A la hora acordada del día siguiente me acerqué a la recepción. El chico me dijo que no podía llevar la bicicleta, pero que tenía un lugar donde guardarla hasta que volviera, “I have safety” decía. Si accedía me pasarían a recoger en medía hora.
Hice la mochila a toda prisa, sin doblar nada, a presión. El recepcionista me llevó a donde iba a dejar la bici; se me vino el mundo encima, se trataba del balcón de la planta inferior del edificio anexo, junto a la calle. La dejé atada con el candado, con pocas esperanzas de volver a encontrarla a mi regreso.

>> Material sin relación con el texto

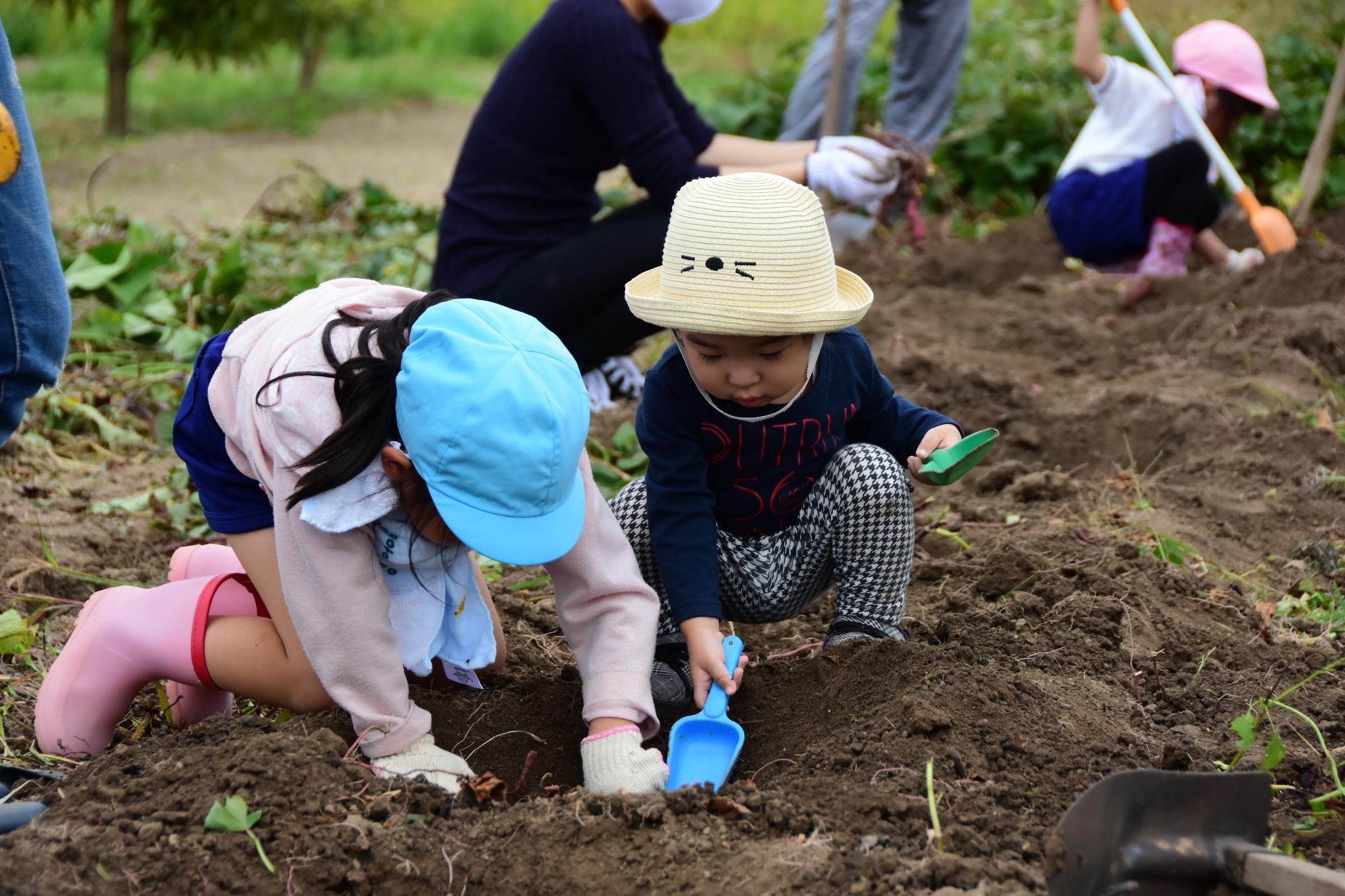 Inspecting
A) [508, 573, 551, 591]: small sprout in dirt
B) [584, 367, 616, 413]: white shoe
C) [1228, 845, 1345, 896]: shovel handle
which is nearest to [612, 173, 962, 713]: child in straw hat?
[508, 573, 551, 591]: small sprout in dirt

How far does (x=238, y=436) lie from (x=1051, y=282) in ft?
13.1

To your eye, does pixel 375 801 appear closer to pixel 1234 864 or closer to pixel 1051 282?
pixel 1234 864

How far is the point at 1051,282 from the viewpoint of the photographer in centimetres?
522

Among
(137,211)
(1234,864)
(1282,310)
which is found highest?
(1234,864)

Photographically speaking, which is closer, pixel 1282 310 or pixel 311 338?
pixel 311 338

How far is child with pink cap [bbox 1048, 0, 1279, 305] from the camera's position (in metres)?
4.91

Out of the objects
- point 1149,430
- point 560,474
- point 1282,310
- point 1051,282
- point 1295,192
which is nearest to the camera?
point 560,474

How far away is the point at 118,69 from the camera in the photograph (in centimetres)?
754

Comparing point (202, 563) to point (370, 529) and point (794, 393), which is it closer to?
point (370, 529)

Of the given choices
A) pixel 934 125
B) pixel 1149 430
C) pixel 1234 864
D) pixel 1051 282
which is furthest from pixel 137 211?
pixel 1234 864

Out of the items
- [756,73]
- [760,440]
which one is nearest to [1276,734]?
[760,440]

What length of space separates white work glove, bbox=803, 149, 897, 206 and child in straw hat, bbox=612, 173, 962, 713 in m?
1.13

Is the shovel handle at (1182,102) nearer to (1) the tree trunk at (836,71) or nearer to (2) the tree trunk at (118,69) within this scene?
(1) the tree trunk at (836,71)

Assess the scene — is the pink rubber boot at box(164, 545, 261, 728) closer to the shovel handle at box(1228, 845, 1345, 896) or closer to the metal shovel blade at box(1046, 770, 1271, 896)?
the metal shovel blade at box(1046, 770, 1271, 896) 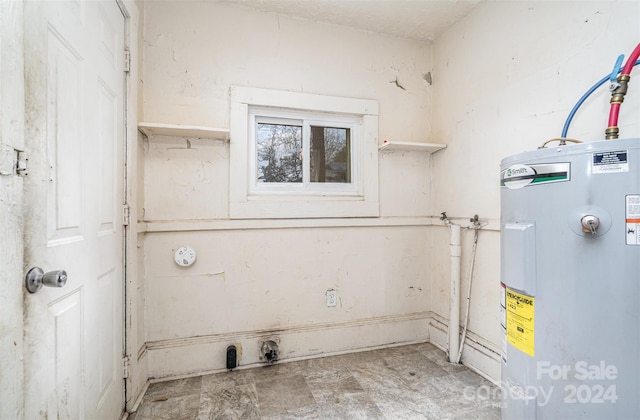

La furgoneta estaba llena por unos 9-10 turistas. Varios británicos, asiáticos y dos hermanas gaditanas muy saladas. Llevaban casi un mes viajando por su cuenta por Vietnam, Camboya y Laos, sin apenas hablar inglés. Me alegraron las casi siete horas de trayecto hasta Luang Prabang.
La anecdota del trayecto la puso uno de los ingleses. De pronto se despertó de su resaca, para darse cuenta que había olvidado el pasaporte en Vang Vieng. Y tenía que coger un vuelo el día siguiente. Su cara pasó del blanco-resacoso al blanco-pálido. Entre varios le ayudamos a recordar el nombre del alojamiento y consiguió que le enviarán en la siguiente furgoneta el pasaporte, por 10 dolares claro, que no están los lugareños para favores gratuitos.
El viaje hasta Luang Prabang se hace cansino. Gran parte de los 240 kilómetros están llenos de agujeros y la furgoneta no para de saltar. Además, los laosianos conducen como kamikazes; los frenazos son frecuentes, y no se asustan por circular junto a precipicios de más de 500 metros. Aún así, el paisaje es espectacular. Si no estuviera tan cansado y débil me daría pena no haber hecho en bici el camino.
Al llegar a Luang Prabang me dirigí al hotelito en que había quedado con Eñaut y Miren. Ellos eran de llegar esa misma tarde, después de descender durante varios días por el Mekong. Me esperaban días de descanso junto a los amigos. Recuperar fuerzas antes de que empezase la verdadera aventura.